Gray City Sirens: Out

We left on the twenty-fourth. You were laying on the concrete, the blood from your scrapes staining the sweatshirt I’d placed under your head. You asked me to light a cigarette for you, and you smoked it while I tried to clean your cuts the best I could with half a bottle of water and some tissues. You were real quiet, just smoking your cigarette and looking up at the sky at something I couldn’t see. I swear you stopped breathing for just a second, and so did I. But then you stubbed the cigarette out and asked me to light another one, and I did.

Jazz, I said, sitting back, hands stained with your blood, don’t ever fucking do that again. I watched as you sighed and closed your eyes, cradling your free arm against the black t-shirt we’d gotten at Goodwill a couple weeks ago. I was scared that you’d broken a rib or hit your head too hard, but you wouldn’t let me take you to the hospital. Jazz, I insisted, washing my hands with what was left of the water. You put out the cigarette and opened your eyes again. Wendy, you said, I will never fucking do that again. For a minute, I just wanted to walk away and never come back. You couldn’t take anything seriously; not even your own life. I was getting tired of having to hold your hand just in case you decided to walk into traffic again, like tonight and all the nights before this one.

Wendy, you said, look at me. I didn’t. Wendy, you repeated. I watched a street light flicker in the distance and willed it to stop. You tried to sit up, and I pushed you back down, so afraid you’d hurt yourself again. And then suddenly your hands were on my hands, and my body was on top of yours and my lips kissed your bruised lips and I tasted metal. Jazz, I sighed, I’ll hurt you. Let me go. But you wouldn’t, and so I rested my head against yours and breathed when you did and did my best to forget that we were sprawled on a street corner at two am in a city I didn’t yet know the name of. I was so in love with you, but I wished you didn’t have to walk into traffic for me to realize it.

A siren went off then, sending both our hearts slamming against our chests. I scrambled up and helped you stand, even though you leaned on me so hard I was afraid we’d fall. Behind that building, you suggested, pointing up ahead.
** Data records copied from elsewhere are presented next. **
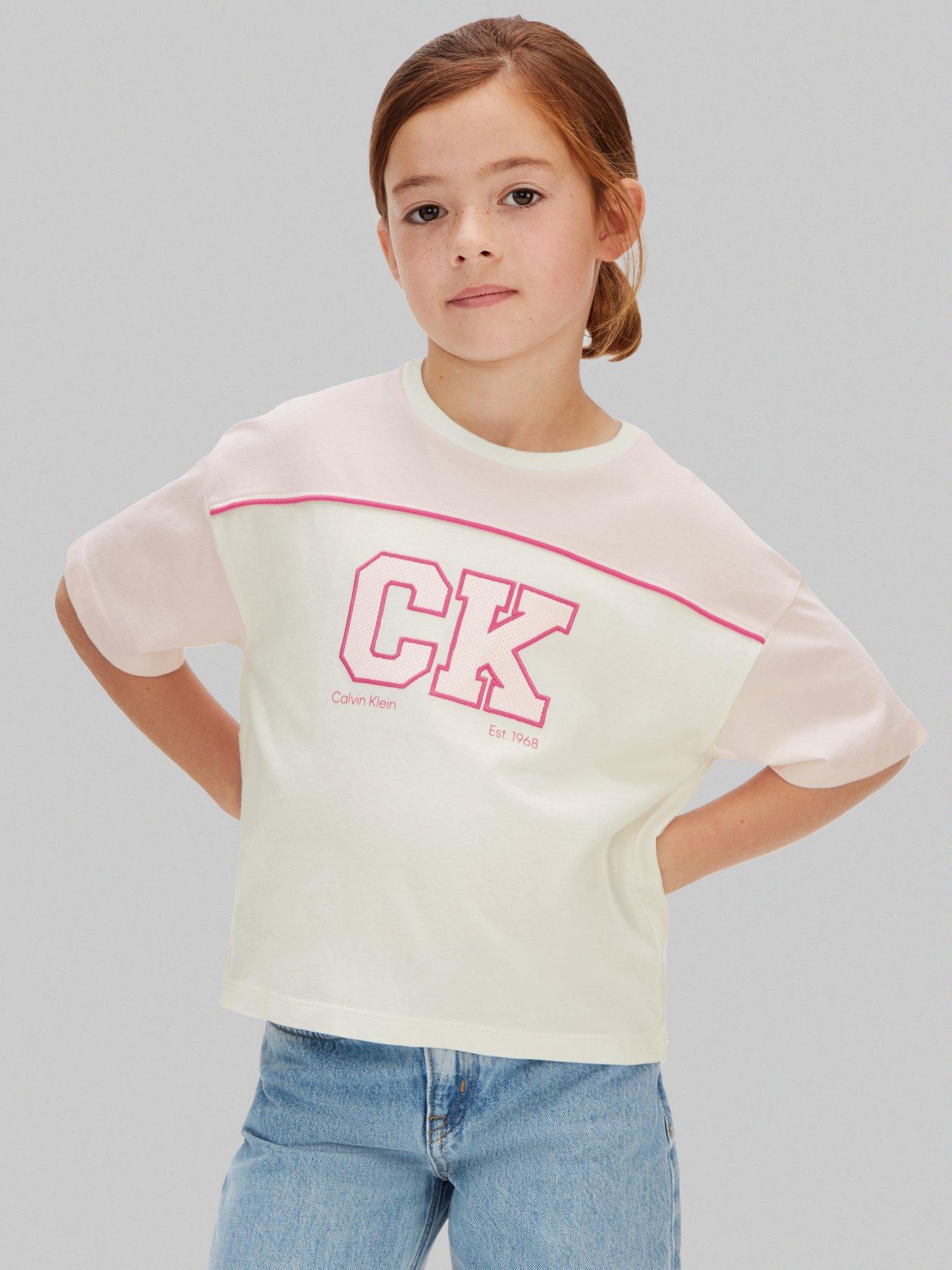Calvin Klein Jeans Girls CK Collegiate Colourblock T-Shirt, Pink, Size Age: 12 Years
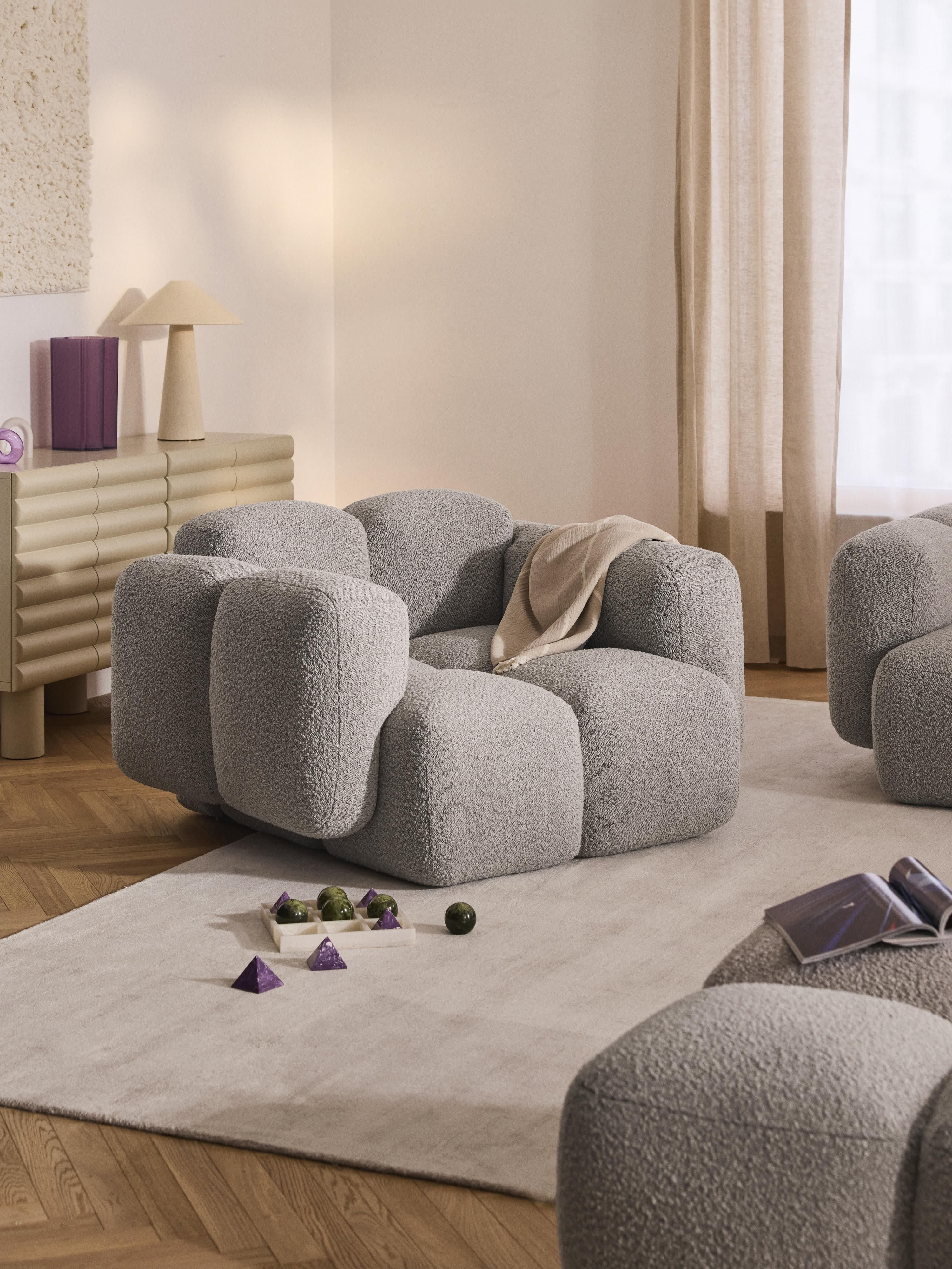 Loungefauteuil Tayla van bouclé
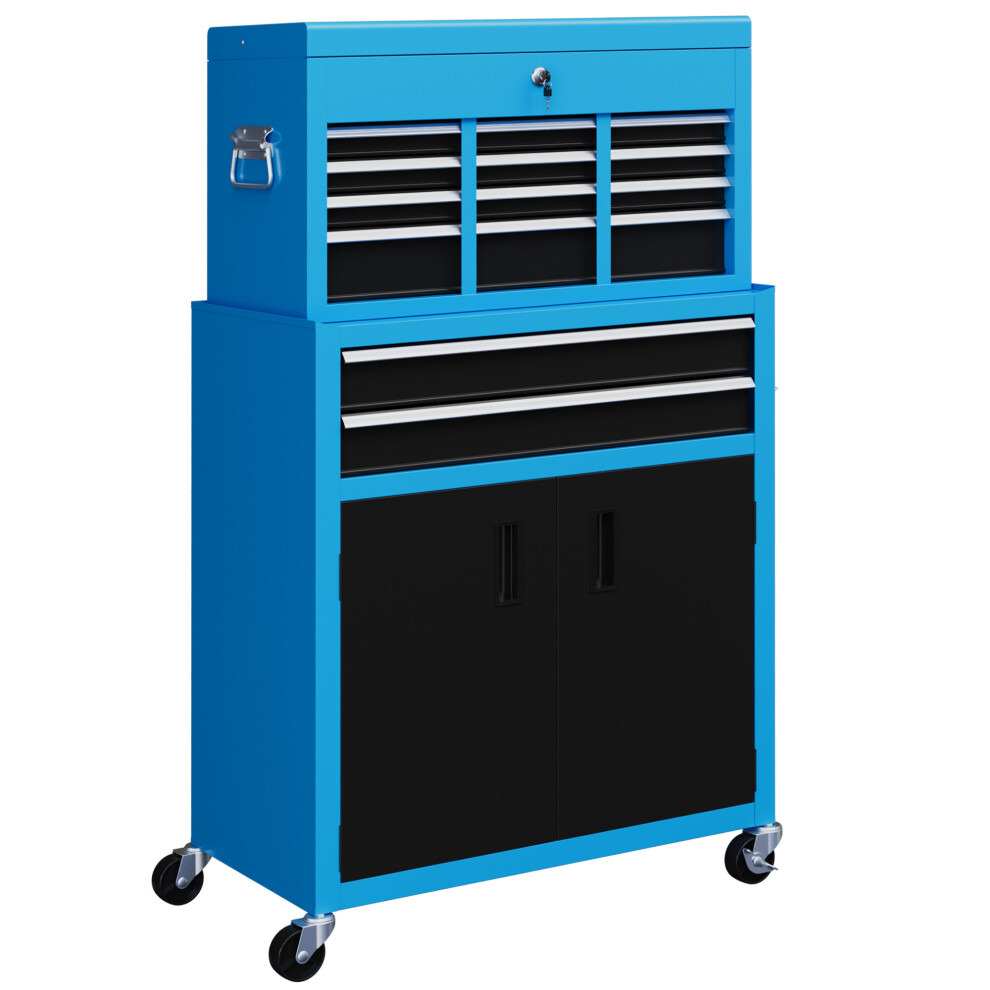 HOMCOM Top Chest And Roller Cabinet Combo Metal Tool Cabinet On Wheels Blue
It was only a couple hundred feet, but it took such a long time to make it that I thought we’d be caught. You braced yourself against the wall as the ambulance sped past. The driver’d made good on his promise to call for help, but you didn’t want it and I couldn’t force you. Wendy, you said, defeated, hopeful, let’s get the fuck out of here. We didn’t pack; just bought the tickets and ran.